◆ Exercise prompt ◆
Taking the entries below, transcribe only the lines starting with the one with "Skørter | Round" and going on through the one with "sweet and minty", exactly as written, without the pictures.

◆ Data provided ◆
========================================

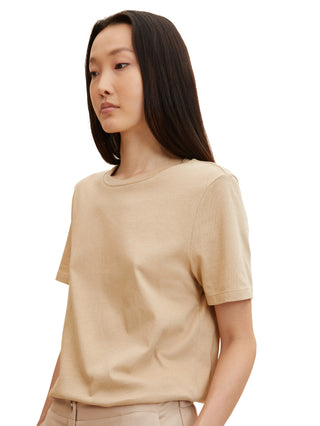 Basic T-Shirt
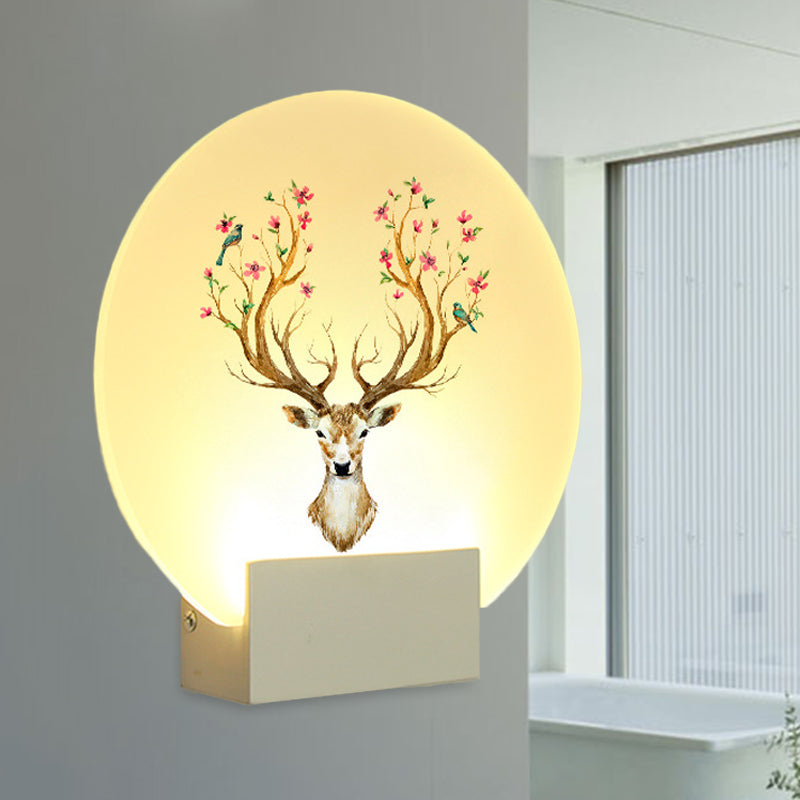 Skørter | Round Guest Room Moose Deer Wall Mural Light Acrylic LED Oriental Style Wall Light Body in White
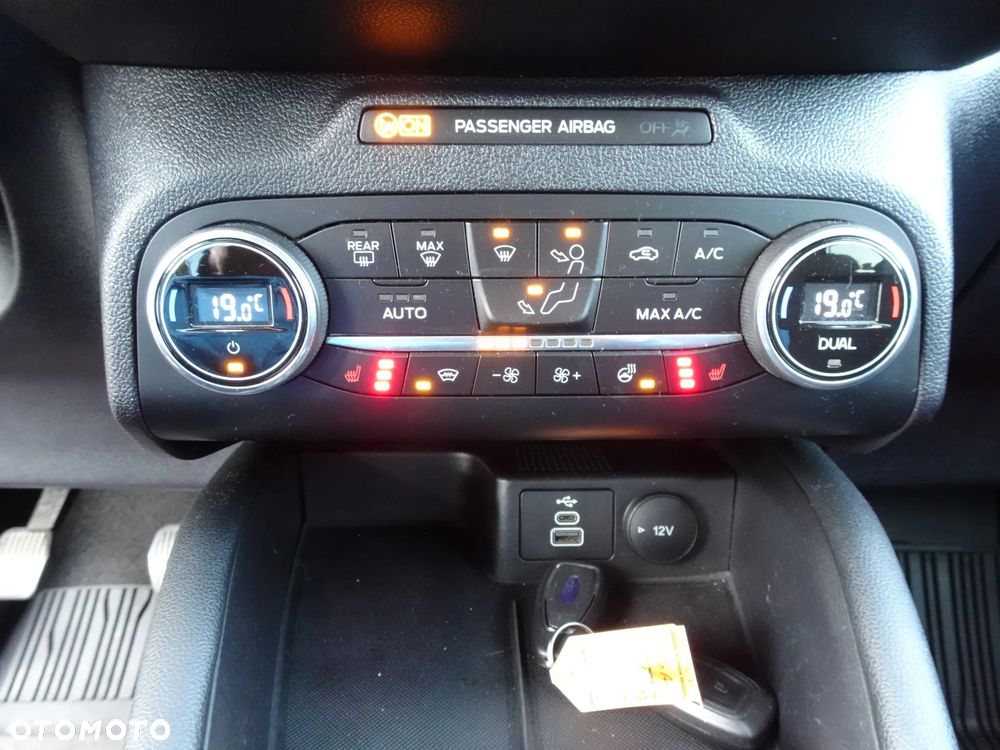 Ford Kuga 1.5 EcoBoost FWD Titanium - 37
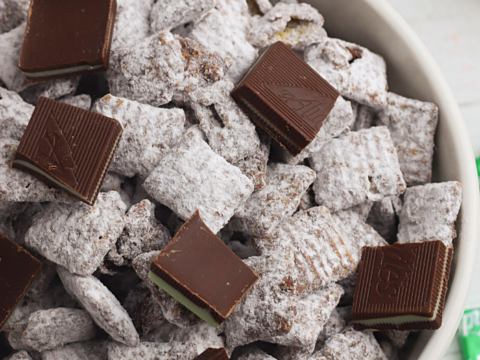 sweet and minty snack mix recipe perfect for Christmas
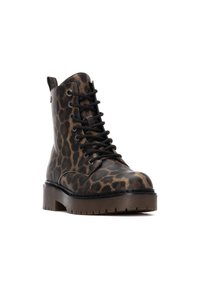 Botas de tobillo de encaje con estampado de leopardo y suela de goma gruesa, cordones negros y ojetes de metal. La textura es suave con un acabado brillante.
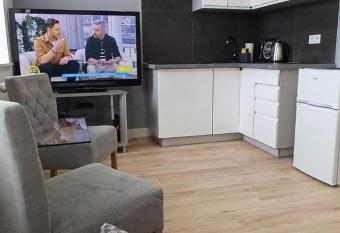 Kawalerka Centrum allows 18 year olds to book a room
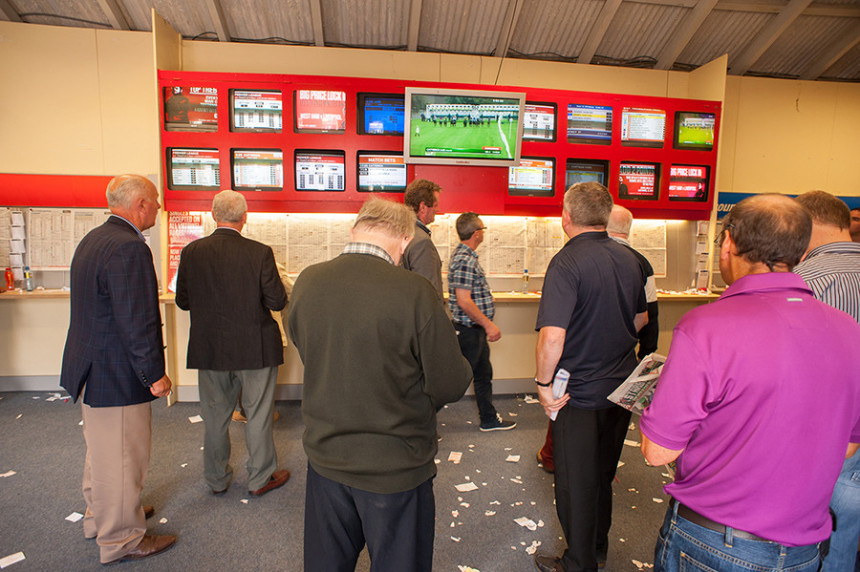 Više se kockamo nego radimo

========================================

◆ Answer below ◆
 Skørter | Round Guest Room Moose Deer Wall Mural Light Acrylic LED Oriental Style Wall Light Body in White
 Ford Kuga 1.5 EcoBoost FWD Titanium - 37
 sweet and minty snack mix recipe perfect for Christmas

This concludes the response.